When it was time to get back on the boat, revelers got spooky for Saturday night’s Ghost Ship theme, with some costumes as intricate as Beetlejuice and a giant, blown up Ghostbusters Stay Puff marshmallow man costume; while others improvised with their cabin bed sheets. As the sun set, the bass boomed louder, and we caught an amazing performance from Jack Beats on the main deck. One half of the duo carried the set to full force, playing new and old classics, including “Get Down” and “Just a Beat.” Jack Beats was one of the few artists (alongside Skrillex) to give a one-time performance during the 3-day excursion, and this was definitely a slammin’ set.
Later that night J.Phlip laid down those dirty West Coast beats in perfect form at the S32 Disco lounge, tucked away at the ship’s stern. As a beautifully eerie, orange half-moon rose in the sky, shameless partiers threw ashtrays and life preservers off the back of the boat in gleeful idiocy, while others collapsed at the peak of their wasted day two, only to be carefully searched and carried away by the vigilant safety crew. After J.Phlip, Girl Unit took over and kept the energy high as we bounced and swayed on a slippery dancefloor glowing with built-in Samsung LCD flatscreens. The crew couldn’t resist the groove either, and they danced while pouring drinks and taking photos with the shippers.

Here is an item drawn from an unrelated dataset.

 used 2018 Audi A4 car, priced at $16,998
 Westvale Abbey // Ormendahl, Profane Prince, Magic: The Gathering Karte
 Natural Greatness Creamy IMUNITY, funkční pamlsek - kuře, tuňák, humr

Saturday night’s climax was most definitely Crookers’ 4 – 5:30 am set in the Zebra bar. As you all know, the former duo recently became a one-man show, and of course some fans questioned whether Crookers could keep up their bangin’ reputation with only Phra at the helm. Well, the proof is in the performance, and this bearded Italian dynamo absolutely slayed us with a masterfully mixed, face-melting set. He spun one killer track after another, from the Crookers’ classic “Salmon Dance”, to the new hit collab with RVBRA “Pop That.” Of course Skirllex had to try to steal some “Thunder” (yes, Phra played that one too!), but he didn’t try to take over for long — check out this video to get a sense of how insanely gargantuan it was:
By Sunday, we had to gather every ounce of energy left for our final epic stop at the private island party. Destructo, the man behind the rave cruise, played the opening set as beach bums began to dot the pure, white sand. Holy Ship!! newbies were probably impressed by the scenery, but 2012 vets immediately knew that HARD/Beats at Sea/Cloud 9 had pinched a few pennies with their private island selection this year. There was no comparison — the private island of Little San Salvador in 2012 was so much more beautiful, and the stage set up was ten times more extravagant.

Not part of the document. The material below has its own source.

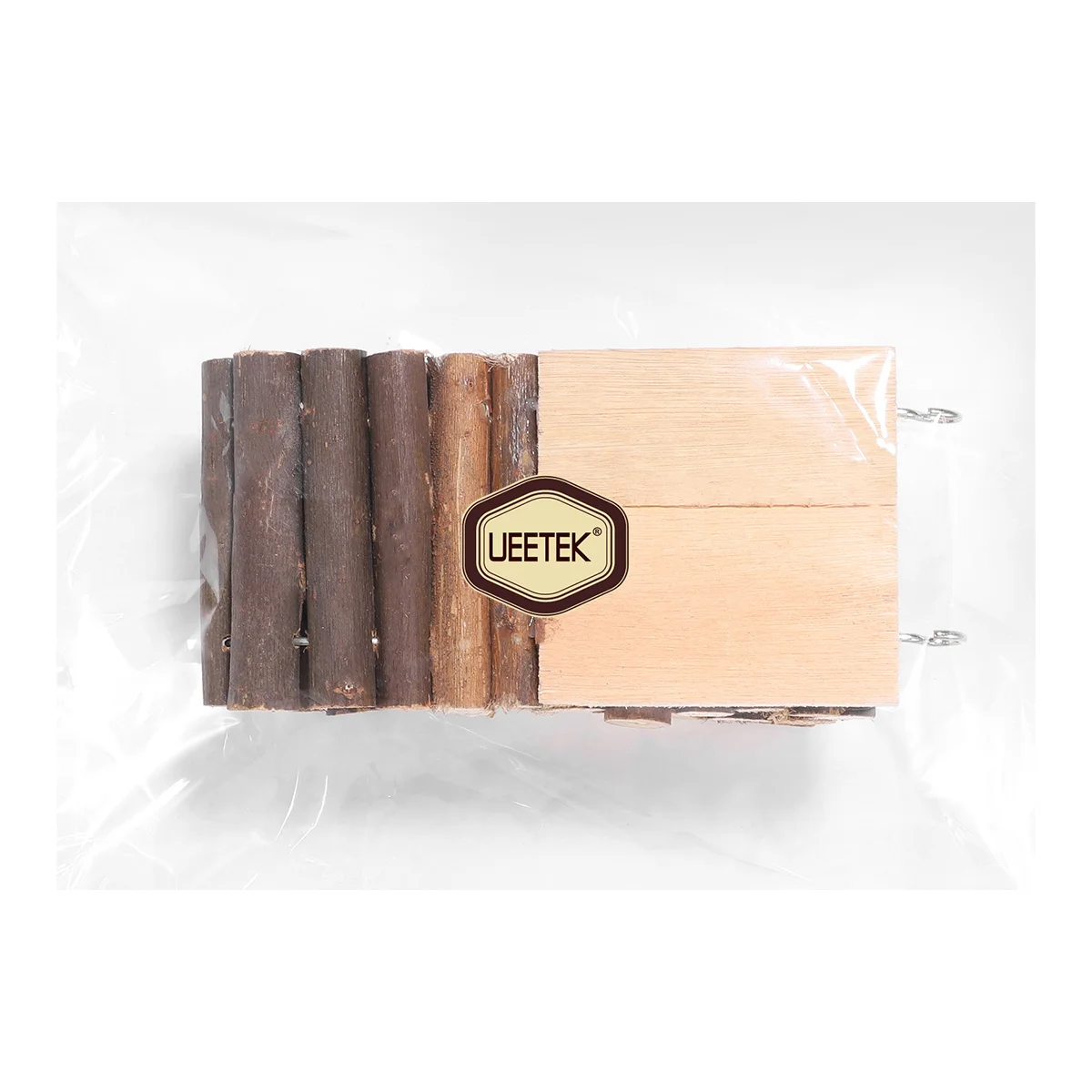 UEETEK Pet Ladder Bridge Hamster Parrot Bird Standing Ladder Hanging Wood Bridge Hamster Blending Climbing Swing Toy Chewing Toy
UEETEK Pet Ladder Bridge Hamster Parrot Bird Standing Ladder Hanging Wood Bridge Hamster Blending Climbing Swing Toy Chewing Toy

This year we saw a rinky-dink stage in contrast to the enormous pirate ship that Fat Boy Slim raged from last year, but with that said, this year there was a very special treat that more than made up for the downgrade in setting. Brodinski stole the show with a freaky fresh hip-hop set, establishing his reputation as a hip-hop DJ first, techno second. We saw DJ culture extend beyond dance music and sweep genre borders as Brodinski paid homage to trap with a classy flourish only he could spin just right.

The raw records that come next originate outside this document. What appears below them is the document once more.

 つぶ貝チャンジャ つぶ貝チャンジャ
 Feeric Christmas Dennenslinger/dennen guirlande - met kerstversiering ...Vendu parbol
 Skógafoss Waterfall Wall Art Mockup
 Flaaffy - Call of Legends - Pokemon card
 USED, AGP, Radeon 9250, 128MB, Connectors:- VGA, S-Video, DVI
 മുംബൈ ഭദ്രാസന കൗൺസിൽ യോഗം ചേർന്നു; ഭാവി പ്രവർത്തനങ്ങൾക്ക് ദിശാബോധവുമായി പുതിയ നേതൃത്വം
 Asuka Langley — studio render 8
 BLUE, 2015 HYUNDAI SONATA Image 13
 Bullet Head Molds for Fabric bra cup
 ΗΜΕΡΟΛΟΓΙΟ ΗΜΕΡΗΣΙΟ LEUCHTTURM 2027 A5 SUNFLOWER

The real beauty of this ultra-exclusive, intimate setting was seeing some of the top DJs collaborate spontaneously. The term b2b has been redefined by Destructo and team at HARD events, and it was a unique privilege to see names such as L-VIS 1990/Bok Bok, Baauer/RL Grime and Gessaflestien/Justice/Boys Noize all mixing in together (check out the video below!). Skrillex didn’t hesitate to pop up behind the decks at most sets to get his hands on the equipment (which was probably awesome if you’re a fan, but kind of annoying if you’re not a hardcore Skrilleypoo lover). His name was conspicuously withheld from the lineup and saved as a single “surprise” performance, so that might have been why he appeared (lurking) at most of the other artists’ stages.